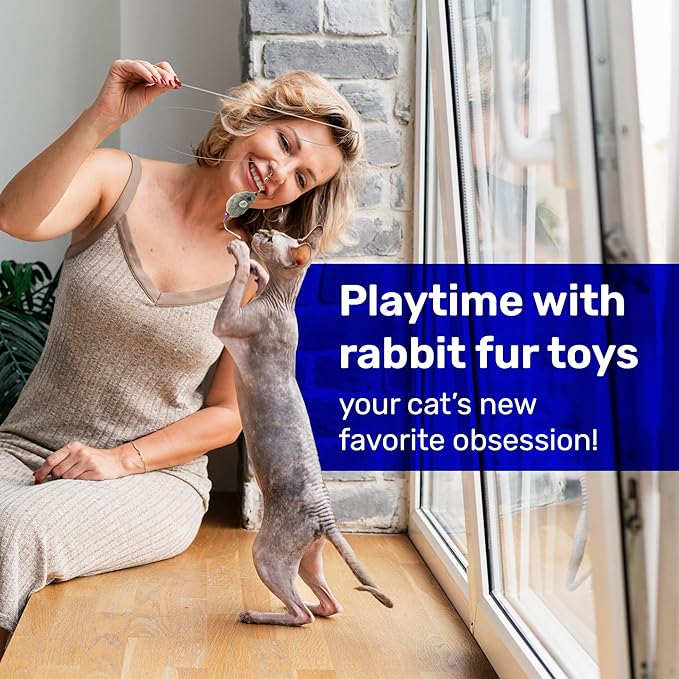 Kats’N US 2 Inch Real Rabbit Fur Handmade Mouse Cat Toy with 19 Inch White Wand - Gray Teaser with Bell, Durable Fiberglass Wand & Line, Hunting Instinct Interactive Exercise Attachment Set for Cats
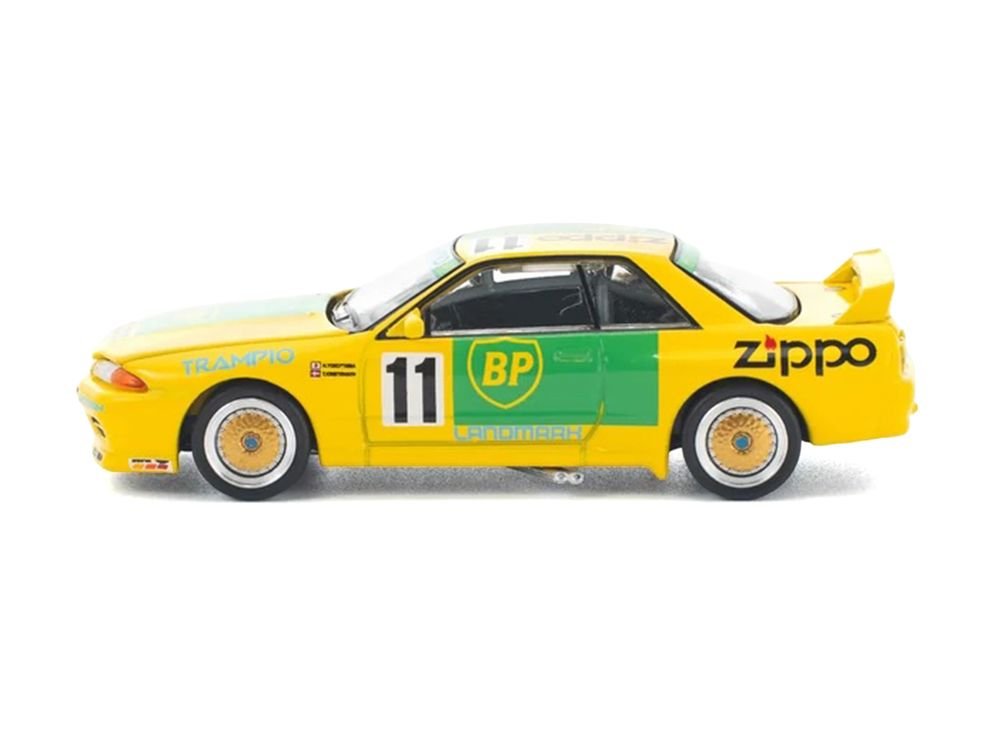Skyline GT-R R32 RHD (Right Hand Drive) #11 Yellow with Green Graphics "Group A" (1993) 1/64 Diecast Model Car by Pop Race view 2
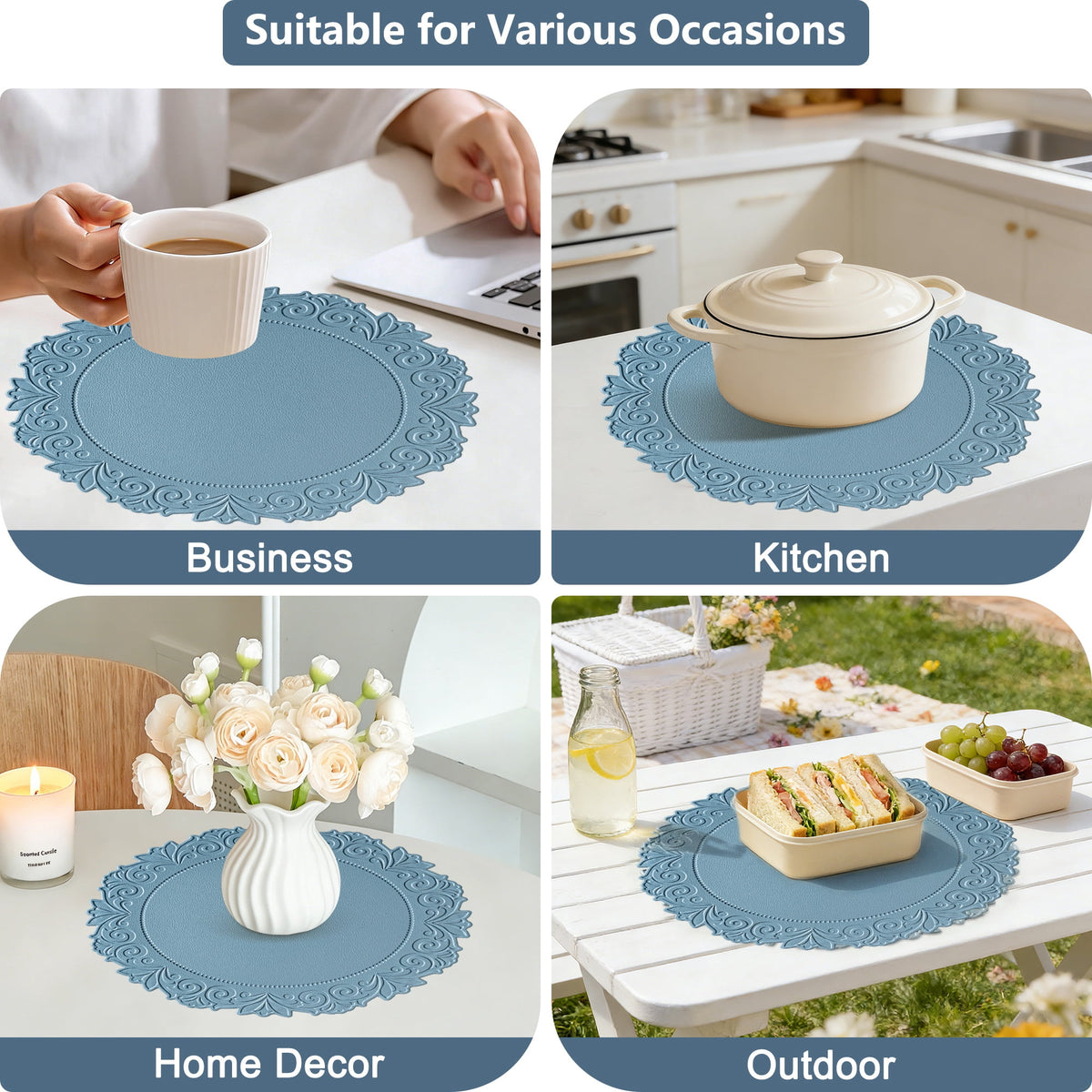 VCVCOO Placemats Set of 4 Beige Leather Place Mats Waterproof Wipeable Heat Resistant Sturdy Rectangle Kitchen Dining Table Mats for Indoor Outdoor Reversible Easy to Clean Place Mats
######
_WORK INSTRUCTIONS_:
Every line of the material must be reproduced verbatim; the pictures are to be omitted.

_RESULT BELOW_:
 Kats’N US 2 Inch Real Rabbit Fur Handmade Mouse Cat Toy with 19 Inch White Wand - Gray Teaser with Bell, Durable Fiberglass Wand & Line, Hunting Instinct Interactive Exercise Attachment Set for Cats
Skyline GT-R R32 RHD (Right Hand Drive) #11 Yellow with Green Graphics "Group A" (1993) 1/64 Diecast Model Car by Pop Race view 2
 VCVCOO Placemats Set of 4 Beige Leather Place Mats Waterproof Wipeable Heat Resistant Sturdy Rectangle Kitchen Dining Table Mats for Indoor Outdoor Reversible Easy to Clean Place Mats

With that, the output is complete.